It’s exactly this combination that makes the problem both exciting and hard.
Genie 3: what DeepMind is actually claiming
Generating playable environments from a prompt
The idea is that a text prompt describes the setting, the viewpoint, and sometimes the “style” (realistic, FPV drone, ancient, etc.). Genie 3 then produces a world you can move through.
Real-time navigation and “promptable world events”
Genie 3 isn’t just “walking down a generated corridor.” DeepMind also describes promptable events: you can request a change (weather, appearance of objects/characters, and so on) and the world adapts.
This matters because it feels like a “what-if” control primitive. That’s useful for simulation, not just for entertainment.
A concrete use case: training embodied agents
DeepMind says it generated worlds to test an agent like SIMA (a generalist agent for 3D environments), to check that Genie 3 can support goal-oriented scenarios and longer action sequences.
Theoretical workings: what does a world model architecture like Genie 3 look like?
DeepMind does not publish every implementation detail of Genie 3. Still, you can infer a plausible architecture based on:
- what they describe (real time, coherence, events, action space),
- and the earlier “Genie” line of work, where the core idea is an action-driven generative world learned from videos.
1) A compact representation of the world (spatio-temporal tokenization)
To generate quickly, the model does not build the world pixel by pixel. It encodes the scene into a latent representation that is easier to model than raw frames (visual and spatio-temporal “tokens”), like many modern video models.
Why?
Because running a world at 24 fps comes with a tight compute budget. Compression plus incremental generation becomes essential.
2) A dynamics model: predicting the next state conditioned on actions
At the core of a world model, there’s a predictor:
given the current state + the user’s action, what is the next observation?
In the Genie (2024) paper, DeepMind explains a “world model” built around three main components:
1) A video tokenizer: compress video into “units”
Raw video is huge (millions of pixels per frame). The tokenizer compresses each frame into a sequence of visual tokens, like small “chunks” of information that are easier for the model to handle.
Key idea: instead of predicting pixels, the model predicts tokens.
2) An autoregressive dynamics model: predicting what comes next
They train a model to answer:
“If I’m at this exact moment (world state), what’s the most likely next step?”
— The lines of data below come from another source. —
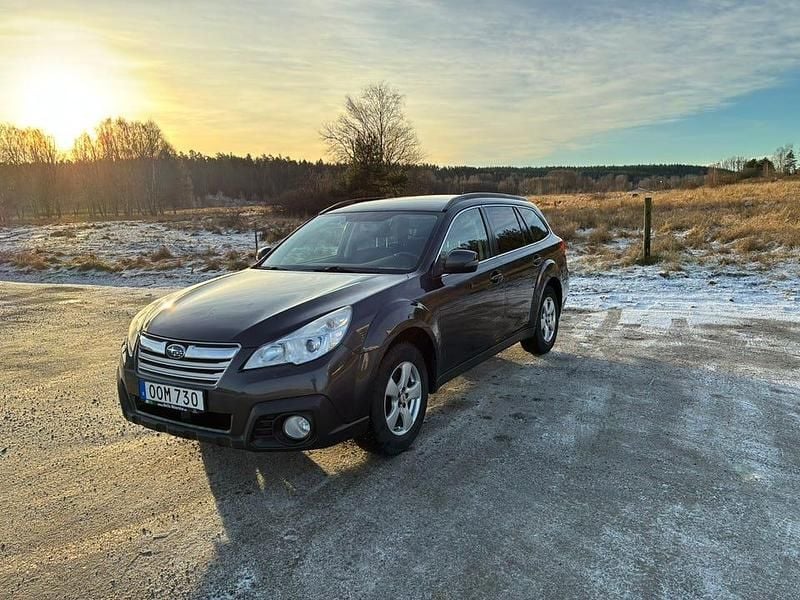 Grå metallic Begagnad 2014 Subaru Outback Kombi | 120 000 kr (Marknadspris) - Bild 1/4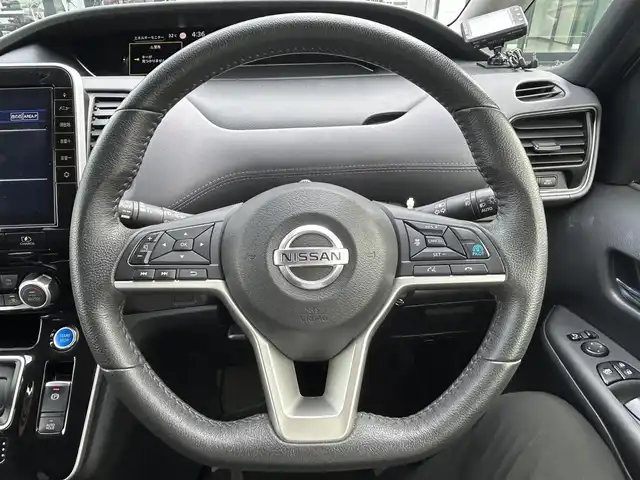 日産 セレナ e－パワー ハイウェイスター V 佐賀県 2020(令2)年 5.5万km ダークメタルグレー 7人乗り/プロパイロット/エマージェンシーブレーキ/インテリジェントクルーズコントロール/車線逸脱警報/車線逸脱防止支援/側方支援/後側方支援/前後ソナー/パーキングアシスト/純正10型SDナビ/・アラウンドビューカメラ/・フルセグTV/BT/CD/DVD/後席モニター/両側パワースライドドア/純正15インチAW/純正前方ドラレコ(DJ4－D)/社外後付け後方ドラレコ/レーダー探知機(CSD-610FHR)/LEDヘッドライト/オートライト/ETC/電動パーキングスイッチ/スペアキー×１/取扱説明書/保証書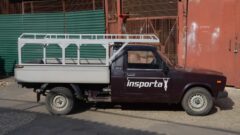Каркас для кузова авто, установленный на бортовом автомобиле. Вид сбоку, металлическая рама с поперечинами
“Autoregressive” means it generates step by step: it predicts the next token, then the next, and so on. Chaining those predictions produces the next frame, then the next, which becomes a video.
3) A latent action model: learning “actions” without a controller
The big issue is that internet videos don’t come with action logs (you don’t know when the camera turns, when the character moves forward, etc.). So DeepMind learns latent actions: pseudo-actions discovered automatically from the changes observed in videos.
Intuitive examples of latent actions:
- move forward / backward
- turn left / right
- go up / down
- zoom in / zoom out
These actions are not labeled by humans. The model learns its own action representation that best explains how one frame transforms into the next.
3) Visual coherence: memory + stable objects (the hard part)
DeepMind explains that coherence (“consistency”), meaning a place doesn’t change from one second to the next, is not achieved by reconstructing an explicit 3D scene (like NeRF or Gaussian Splatting). Instead, the model generates each frame on the fly, based on the prompt and the user’s behavior.
But for the world not to “reshuffle” as soon as you turn around, the model needs a form of memory. It reuses information from what it has already shown (objects, places, details) to stay stable when you return to the same area.
4) “World events”: text control on top of the simulation
Promptable events act like an extra control channel. Instead of only acting through navigation inputs, you inject an instruction that constrains what happens next (“it starts raining,” “a vehicle arrives,” etc.).
From a product perspective, this is powerful. You move from a world you simply explore to a world you can actively direct, which opens up professional use cases (training, safety tests, scenario design).
Applications: where Genie 3 could matter
1) Rapid prototyping for games and interactive experiences
The obvious one is gaming: generate a playable scene from a prompt, test mood and “feel,” try movement and camera behaviors, without a heavy 3D pipeline.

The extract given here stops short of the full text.